My two cents;
It is my understanding that for an engine to be efficient it needs to maintain about 180F in the water jacket area, minimum. As was posted in this thread, albeit for emissions reasons, a cold engine is dirty engine, and this is because that as we all know when a motor is cold it needs the choke to get started, just as a car engine needs a choke or cold start setting with the injection system until it warms up, IE gets heat in the motor to become efficient and burn the leaner mixture that is present without the choke or enrichment circuit. Ideally, the T stat in a motor maintains an operating range where in the motor runs efficiently, running the motor either too cold or too hot is going to make the motor too lean or too rich. Who has not been able to tell that the bike is getting hot because the throttle response is starting to get "spongy"?
Remember, there were T stats around long before emissions were a worry. As was stated, they do produce some flow restriction, and this only becomes a problem when conditions become more extreme, such as in low speed riding with very little air flow across the radiator, which is not a problem on a car as the radiator has so much built in cooling capacity but, on our bikes we are limited by size but they are as big as possible to keep the bike from over heating, and that's where the fan comes in. In a car we all know that there is a fan to pull air across the rad to assist in cooling. In the "old" days this fan was directly linked to the water pump shaft, as technology progressed there came the fan clutch which allowed the motor to spin without spinning the fan until it got hot then the fan clutch would lock up and spin the fan. This was an easy way for the manufacturers to come up with 10 or so horsepower, and it increased fuel mileage as well since you weren't always spinning the fan. On some cars nowadays there is just an electric fan that is actuated by a temp switch like our bikes.
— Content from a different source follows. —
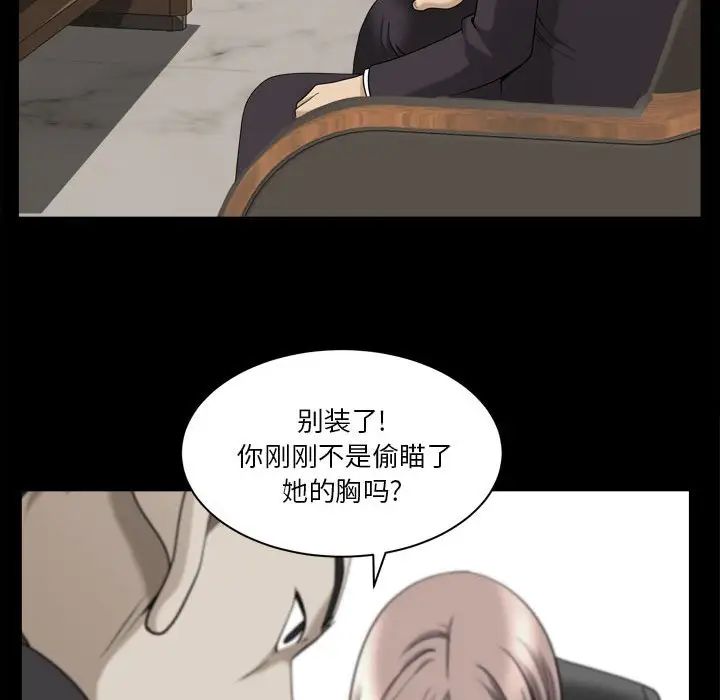 小混混第31话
I remember on my 86 250 KTM which of course did not have a T stat, there was a guide about how much of the radiators to tape off once the temperature decreased below 60 degrees. As the temperature decreased further in 10 degree increments you added another strip of duct tape across one side then the other to the point where if you were riding in temps in the 20's one whole radiator was taped off and the other side was half taped off. This was two fold, to maintain the correct operating temperature range, and to keep the motor from cold seizing. So, if you think about an "Enduro" type bike where the riding conditions can vary tremendously, from tight technical stuff, to very fast open riding, the air flow across the rad and the resulting cooling varies tremendously as well. Whereas a track type bike is going to be ridden hard and with one assumes greater speed. The engine will be producing a lot of heat as well. Where again, the Enduro type riding has a mix of riding really hard, and then you might be going relatively fast but not necessarily using a lot of horsepower and thus the motor isn't producing as much heat.
If it was me, and for the types of conditions that I ride in, which are greatly varying, I would leave the T stat in and add the electric fan. On my 04 the regular fan is too big to place in the normal position because the tank is too close to the rad, however, I am told that it will fit in the center and I am looking into that. I am also buying an 06 tank so that I can add a fan for sure. Sparks has come up with a good winding spec for the Kokusan stator and I will be sending mine off to him for a rewind and then convert my system so that it all runs on DC. As when the fan runs a lot it will pull the battery down. And in the future I may even add the T stat set up to my bike depending on how it all works out. If you remember, when the 05's came out, you could buy an "upgrade" kit for your 04 since so little had changed. This kit had in it, if memory serves, the newer kick start lever, as well as the T stat and the plumbing.